Postoperative delirium (POD) is one of the most common complications following surgery for older adults, occurring in 5%–50% of cases.1 POD is a neurocognitive syndrome with acute attention, cognitive and awareness deficits that develops over a short period of time and has a fluctuating course. It is associated with cognitive dysfunction2 and Alzheimer’s disease (AD) and related dementias (ADRD) but can present in otherwise cognitively intact older adults. Millions of older Americans (≥70 years) require major surgery each year and are exposed to the risks of POD and its consequences.3 Furthermore, there are currently no treatments for POD, but it perpetuates a cascade of poor health outcomes costing approximately US$50 billion annually.4 Older age and baseline cognitive impairment (eg, pre-existing AD/ADRD) are major risk factors. Male gender, multiple comorbidities, sensory impairments, sleep deprivation and use of sedative medications are also potential risk factors.5–7 POD may also predispose to AD/ADRD, suggesting overlapping pathophysiology.3 8–10 Yet, minimal attention or cognitive follow-up exists for those who suffer from POD.11 Given that nearly 40% of POD is preventable with attention to multifactorial preoperative care,12 the search for modifiable risk factors and novel biomarkers in POD is of great public health importance.
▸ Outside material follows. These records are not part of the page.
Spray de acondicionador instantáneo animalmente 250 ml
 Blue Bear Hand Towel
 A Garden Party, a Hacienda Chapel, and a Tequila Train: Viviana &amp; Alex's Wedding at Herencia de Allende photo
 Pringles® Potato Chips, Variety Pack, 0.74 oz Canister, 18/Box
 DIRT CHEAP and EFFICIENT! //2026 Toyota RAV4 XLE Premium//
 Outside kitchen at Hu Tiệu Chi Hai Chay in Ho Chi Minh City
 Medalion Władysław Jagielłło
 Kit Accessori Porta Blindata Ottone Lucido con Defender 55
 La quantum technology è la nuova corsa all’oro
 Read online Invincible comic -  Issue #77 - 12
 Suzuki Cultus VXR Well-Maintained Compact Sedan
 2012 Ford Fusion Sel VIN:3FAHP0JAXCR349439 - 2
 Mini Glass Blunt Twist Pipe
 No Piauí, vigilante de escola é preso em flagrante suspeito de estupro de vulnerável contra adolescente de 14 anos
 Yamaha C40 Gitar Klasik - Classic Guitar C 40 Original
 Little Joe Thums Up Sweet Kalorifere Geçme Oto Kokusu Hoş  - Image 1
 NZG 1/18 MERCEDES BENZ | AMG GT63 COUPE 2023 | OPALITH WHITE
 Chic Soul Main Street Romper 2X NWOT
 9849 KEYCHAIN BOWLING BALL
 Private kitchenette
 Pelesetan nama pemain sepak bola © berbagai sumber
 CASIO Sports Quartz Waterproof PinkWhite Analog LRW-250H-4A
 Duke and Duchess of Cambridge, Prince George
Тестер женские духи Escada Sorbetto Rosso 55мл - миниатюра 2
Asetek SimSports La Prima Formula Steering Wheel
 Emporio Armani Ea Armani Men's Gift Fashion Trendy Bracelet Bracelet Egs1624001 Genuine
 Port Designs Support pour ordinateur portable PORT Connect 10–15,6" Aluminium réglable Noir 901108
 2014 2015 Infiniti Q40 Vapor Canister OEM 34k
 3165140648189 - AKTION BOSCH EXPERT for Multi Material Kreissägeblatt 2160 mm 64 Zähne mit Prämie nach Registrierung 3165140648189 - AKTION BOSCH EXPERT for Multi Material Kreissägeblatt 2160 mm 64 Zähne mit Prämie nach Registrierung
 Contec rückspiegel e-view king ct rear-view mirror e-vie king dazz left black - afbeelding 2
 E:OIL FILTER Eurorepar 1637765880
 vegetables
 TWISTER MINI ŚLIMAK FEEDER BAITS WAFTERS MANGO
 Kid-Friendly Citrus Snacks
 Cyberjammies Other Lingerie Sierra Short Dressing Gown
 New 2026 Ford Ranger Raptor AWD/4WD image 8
At the same time, there is a silent epidemic of treatable chronic sleep problems and circadian disruption (ie, shifting of the body’s daily biological rhythm) affecting over 70 million older Americans. Such symptoms of these issues include insufficient sleep, irregular timing, unscheduled naps, insomnia or daytime sleepiness.13 Sleep/circadian disruption increases with age and cognitive impairment and is associated with frailty,14 pain and opioid use,15 preclinical AD pathology16 17 and the onset of AD/ADRD.18 POD is associated with disruption of melatonin secretion—the key circadian hormone in sleep homoeostasis,19 particularly, in older patients.20 Despite this, there is minimal consideration of sleep/circadian disruption in preoperative medicine. Pre-existing sleep/circadian disruptions are likely to be exacerbated during recovery after major surgery.21

Our recent work and that of others suggest that suboptimal sleep/circadian regulation is associated with POD risk22–26 and progression to dementia, independent of age, sex, education and cognition.18 These studies also uncovered that sleep/circadian measures correlated with cerebrospinal fluid amyloid/tau burden decades before dementia onset,16 17 and that plasma tau burden was associated with POD in two surgical cohorts.27 28 Finally, genetic biomarkers, namely the APOE-ε4 genotype, may moderate the relationship between sleep and AD risk,29 but its role in POD remains controversial.30 31 While epidemiological evidence points to sleep/circadian disruption as a shared modifiable risk factor for POD and dementia, direct clinical evidence is lacking.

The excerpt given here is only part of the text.